In Opinions on 15 September, 2011 at 15:33

Late August I wrote an interview for Nymity for their “Privacy Interviews with Experts” series that covers the recent and emerging developments in data protection in Latin America.  The whole interview is also available here and here (pdf).

Map of Latin America

Latin America

As Latin America increases its attention to data protection legislation and regulation, a number of questions arise. Why now? What is the impetus behind their actions? What will implementation entail? Where do these countries start from in their implementation journeys?  What challenges will they face, especially keeping pace with the EU and at the same time satisfying the demands of other economies, including the US, Russia, China and others with no data protection regulation?

Cedric Laurant, attorney and consultant and founding partner of Cedric Laurant Consulting, provides us with a summary of the privacy challenges coming ahead in Latin America.

Cedric received his legal training in Belgium and the United States, taught courses and seminars in international privacy, data protection law and comparative law as a Visiting Law Professor at the Universidad de los Andes in Colombia between 2007 and 2008, and has talked at various conferences and seminars in Latin America about privacy and related issues.  He directed the publication of the Privacy & Human Rights survey between 2002 and 2006, increasing its scope to cover most Latin American countries.

Cedric speaks about about the current challenges for data protection in Latin America during his presentation at the next IAPP Privacy Academy conference on September 15 in Dallas, TX and at the Public Voice conference preceding the 33rd International Conference of Data Protection and Privacy Commissioners in Mexico City next October 31st.

Nymity: Why data protection law and regulation in Latin America today? Is it the same in all economies, or does it differ country by country?

Laurant: Latin America is the next big region after Asia that will see major changes occur in its data protection regulatory landscape.  Several countries have recently gotten their act together by enacting or drafting new data protection laws. Is it a coincidence or the intent to follow the “mode du jour”? None of the above: data protection has been on the agenda of many Latin American countries at least for the past 10-15 years.
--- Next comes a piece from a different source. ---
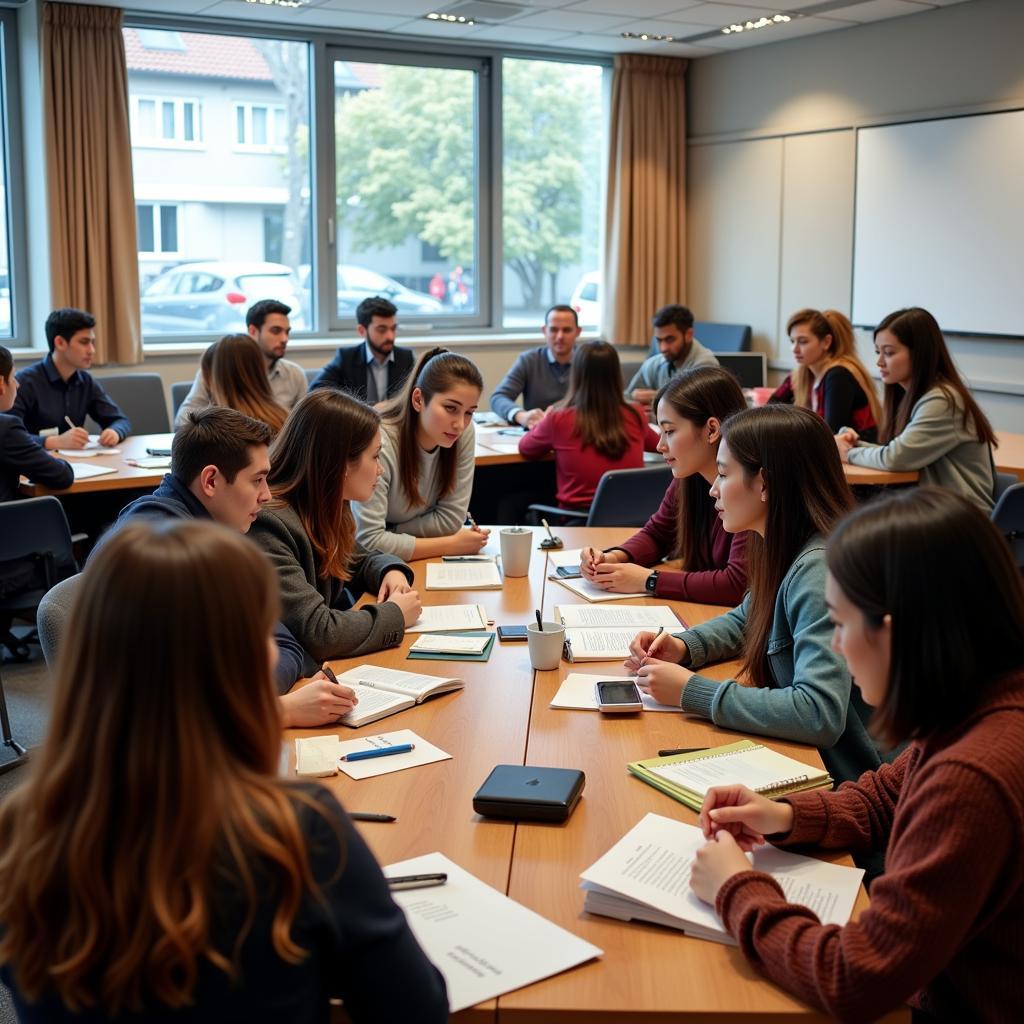 ASEAN Students in a European University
What we are seeing now is an increasing political will among all states in the region to catch up with their neighbours, and a growing realization that adopting strong data protection laws will help their economies by increasing their commercial transactions outside and within their borders.
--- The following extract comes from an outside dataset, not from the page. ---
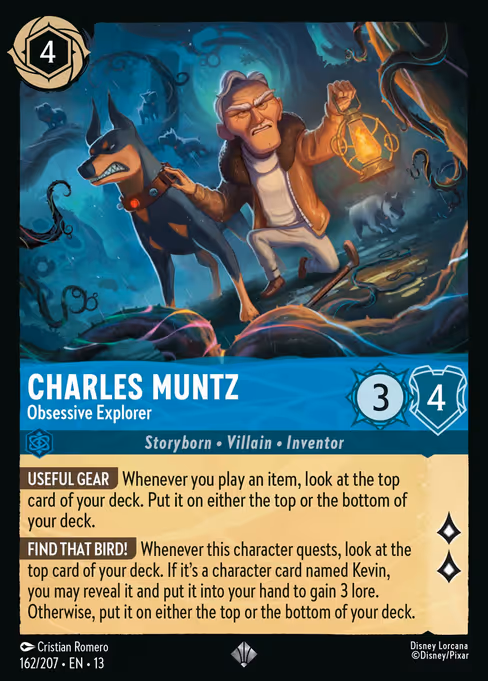 Charles Muntz - Obsessive Explorer (13 162)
Although all countries in Latin America that currently have a data protection law or are drafting one largely follow the European data protection model, with a few differences here and there, the lack of a harmonized and integrated regional legal system like in the European Union has led countries to adopt laws or draft bills that feature many differences among each other, which creates a diverse patchwork of legal frameworks or regulatory initiatives.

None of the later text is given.